*** Supplied entries ***
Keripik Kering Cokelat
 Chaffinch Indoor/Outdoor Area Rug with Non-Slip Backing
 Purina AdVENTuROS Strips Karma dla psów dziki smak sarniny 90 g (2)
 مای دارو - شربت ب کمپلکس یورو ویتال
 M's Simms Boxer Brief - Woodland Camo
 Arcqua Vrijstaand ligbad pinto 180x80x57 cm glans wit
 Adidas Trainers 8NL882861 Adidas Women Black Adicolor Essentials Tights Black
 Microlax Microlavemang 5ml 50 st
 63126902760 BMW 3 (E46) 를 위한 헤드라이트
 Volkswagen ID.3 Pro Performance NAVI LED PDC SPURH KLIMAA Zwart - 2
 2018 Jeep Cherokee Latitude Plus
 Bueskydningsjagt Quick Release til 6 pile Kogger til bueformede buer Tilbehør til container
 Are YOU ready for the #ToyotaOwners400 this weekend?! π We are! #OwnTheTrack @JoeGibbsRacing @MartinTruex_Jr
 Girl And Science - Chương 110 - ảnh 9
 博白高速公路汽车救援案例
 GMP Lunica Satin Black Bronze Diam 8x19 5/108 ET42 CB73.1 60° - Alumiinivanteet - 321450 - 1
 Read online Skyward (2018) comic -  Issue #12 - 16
***
> **Directions**
Could you state how many lines of the data include the word "Black"? Only the number is needed.

> **Task answer**
2